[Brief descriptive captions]

■ ■ ■ ■ ■ ■ ■

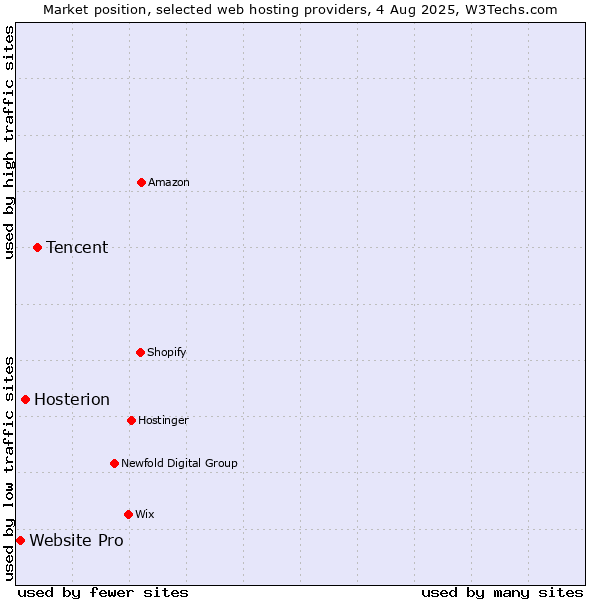 Market position of Tencent vs. Hosterion vs. Website Pro
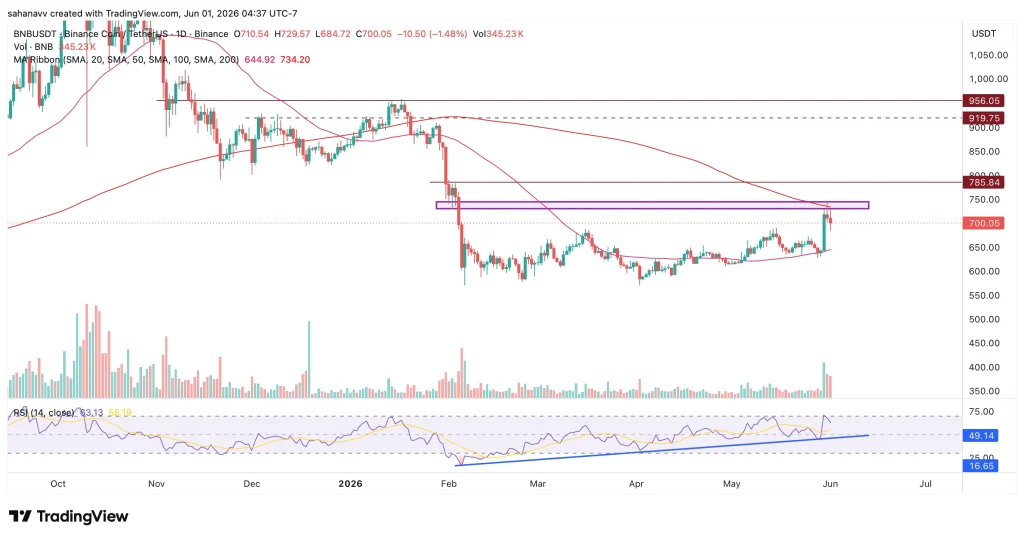 bnb price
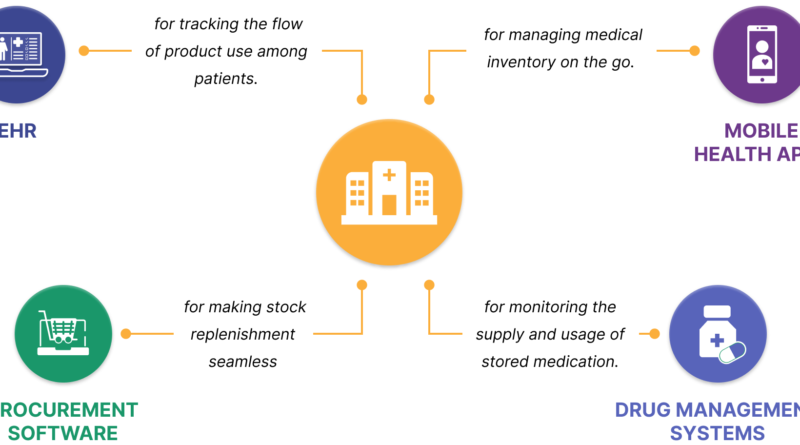 Inventory and Stock Management for Healthcare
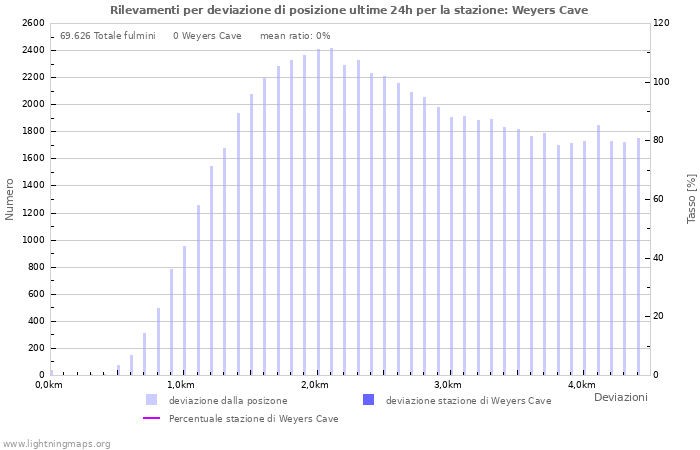 Grafico: Rilevamenti per deviazione di posizione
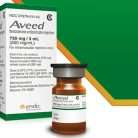 Testosterone Undecanoate (Nebido, Aveed)
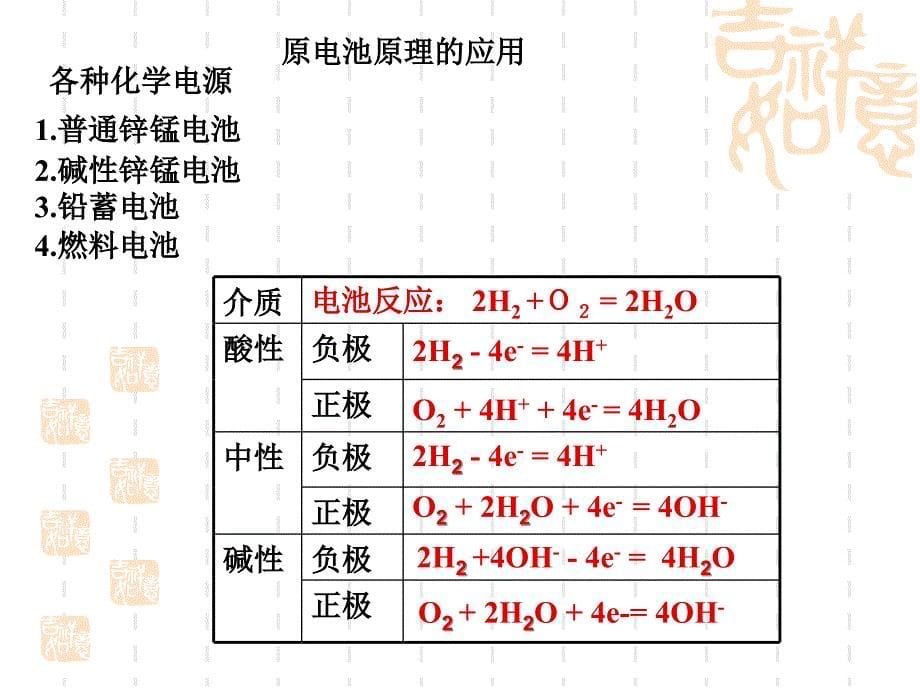 高中课件 电化学基础_第5页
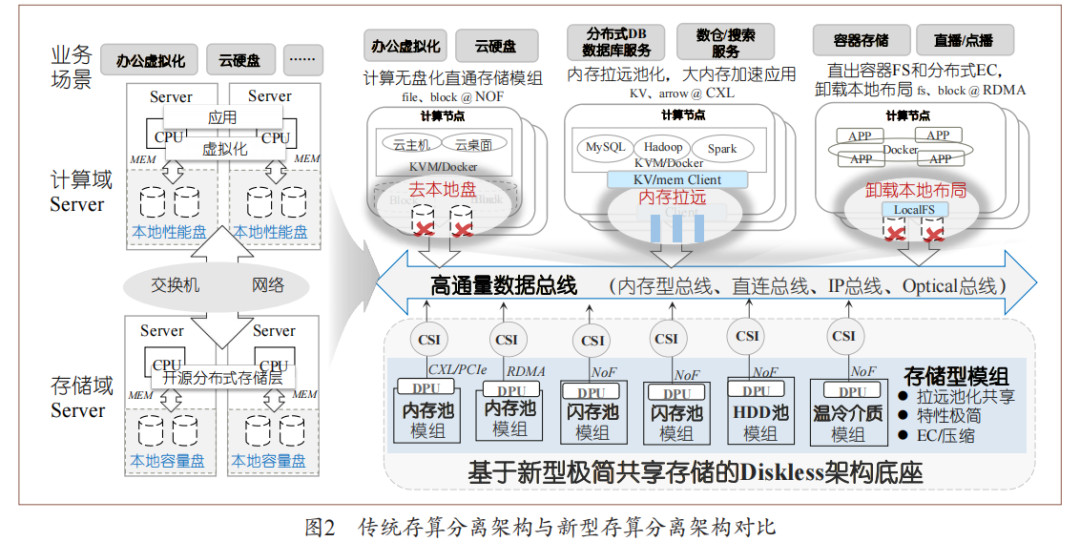 存储架构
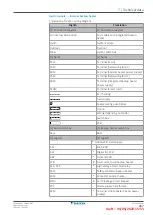 Preview for 287 page of Daikin EBLA04E V Series Service Manual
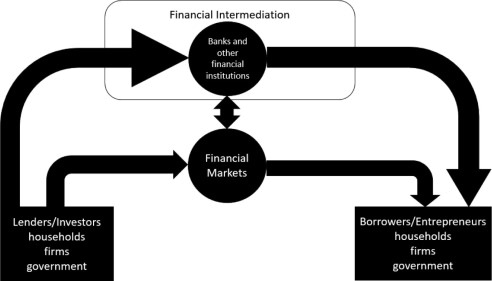 We write about what happens when financial systems learn to think.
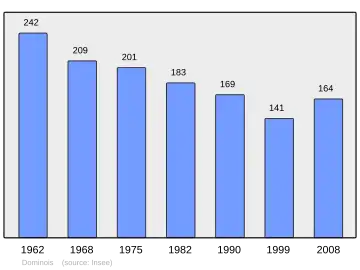 Grafiek inwonertal gemeente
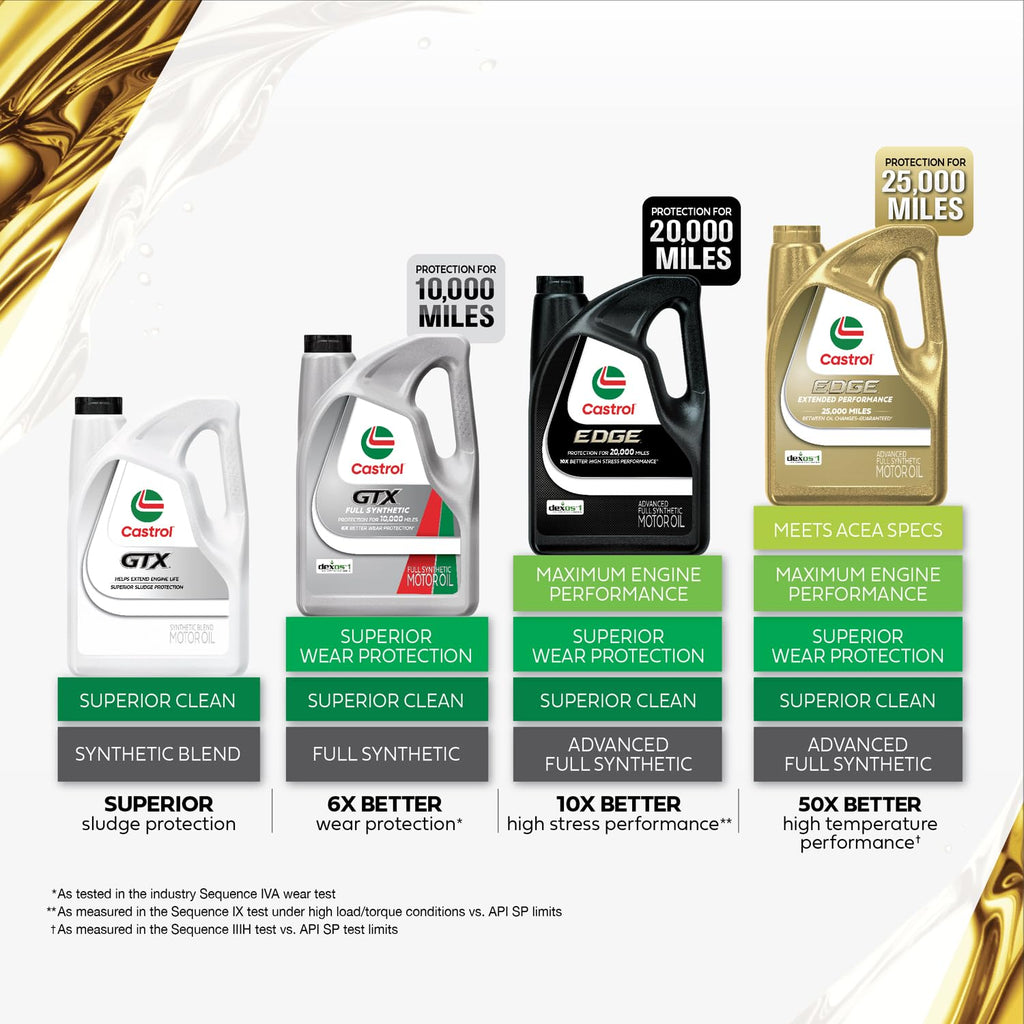 Full Synthetic 0W-20 Motor Oil, 5 Quarts, Pack of 3 H442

■ ■ ■ ■ ■ ■ ■

# What this task involves
Please write out the lines above, beginning at the line with "We write about" and ending at the last line of the records, exactly as they appear and without pictures.

# Response
 We write about what happens when financial systems learn to think.
 Grafiek inwonertal gemeente
 Full Synthetic 0W-20 Motor Oil, 5 Quarts, Pack of 3 H442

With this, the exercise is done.